Work request —
For this exercise, write out only the lines of the entries below from the one with "Lorraine Pendant" up to and including the one with "Why choose Water Damage Repair in Gary, TX", exactly as they are. Pictures stay out.

Data extract —
- - - - - - -

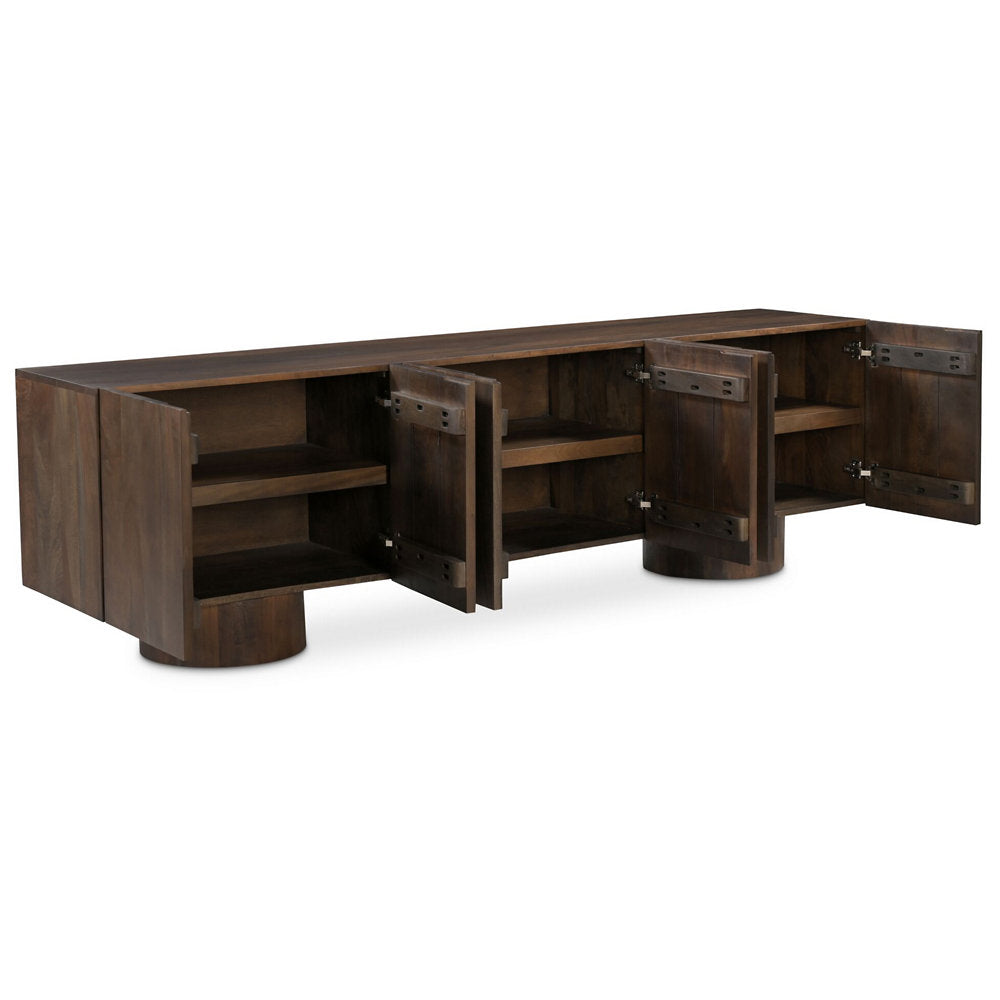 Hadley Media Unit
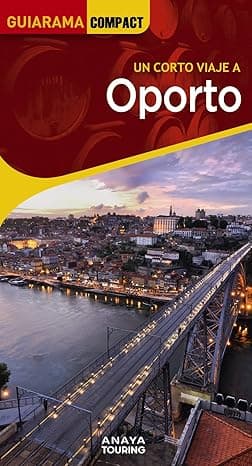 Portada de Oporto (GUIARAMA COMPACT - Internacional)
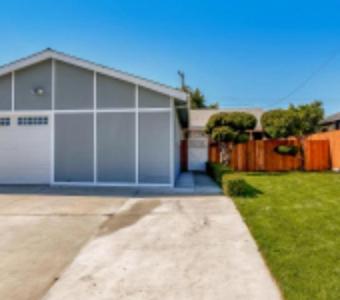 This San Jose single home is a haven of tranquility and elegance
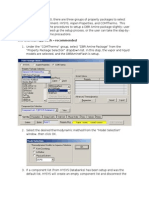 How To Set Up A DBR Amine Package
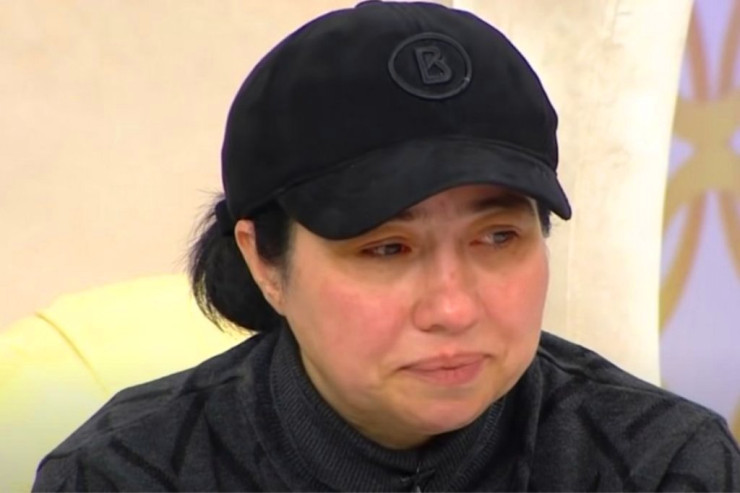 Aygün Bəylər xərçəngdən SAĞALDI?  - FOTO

- - - - - - -

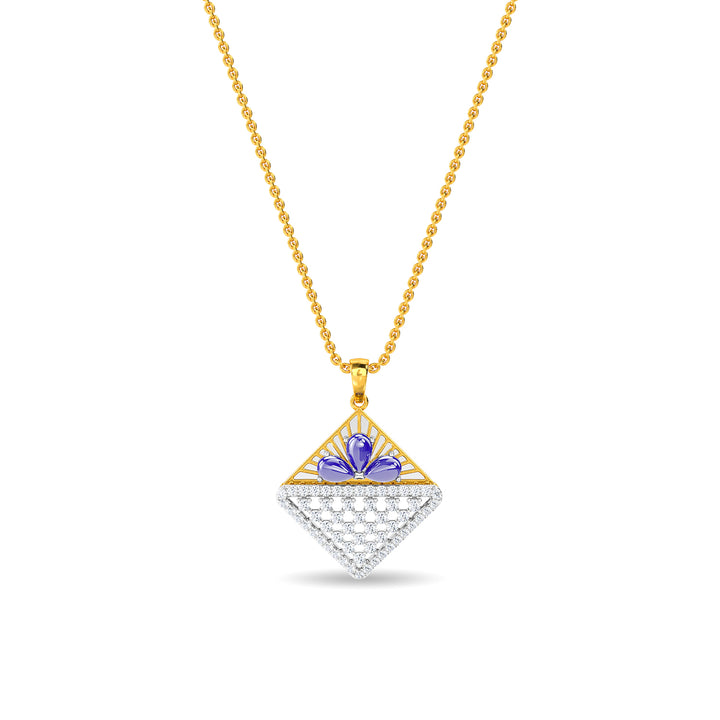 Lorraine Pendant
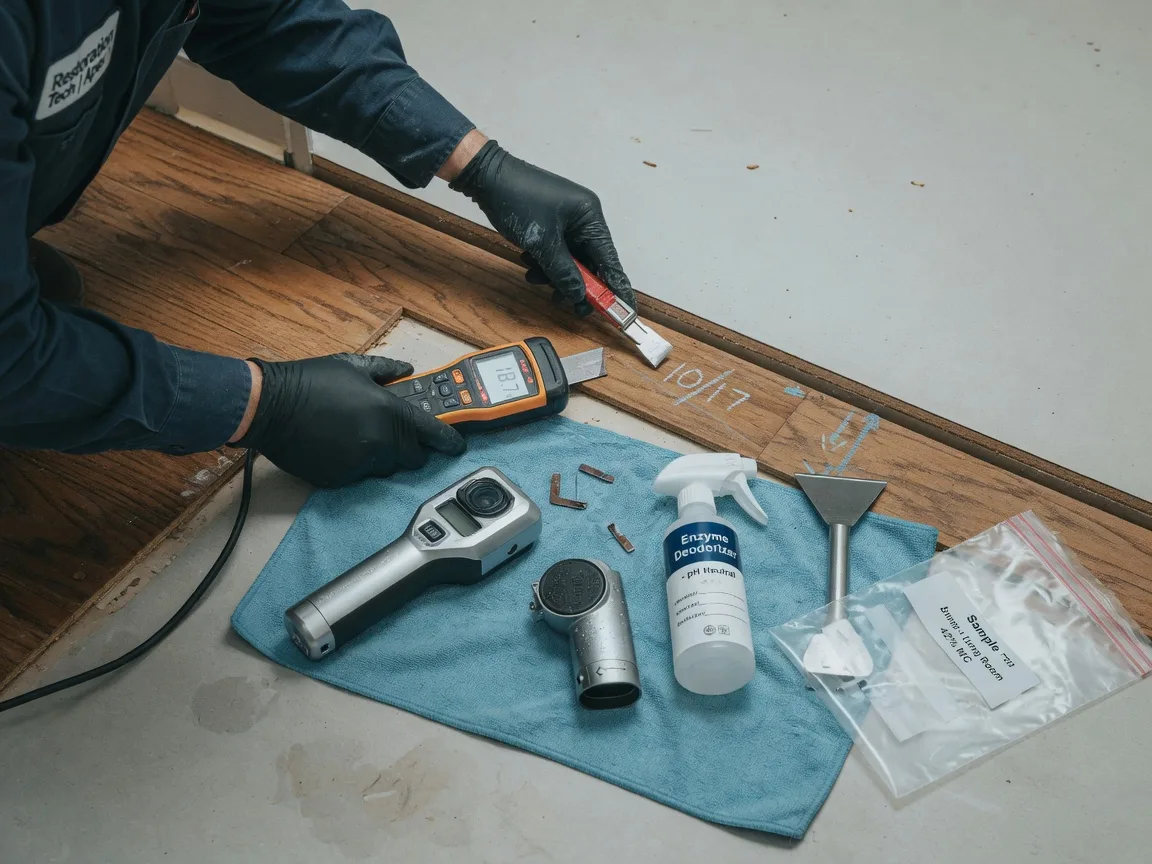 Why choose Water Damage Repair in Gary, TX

- - - - - - -

Expected answer —
 Lorraine Pendant
 Why choose Water Damage Repair in Gary, TX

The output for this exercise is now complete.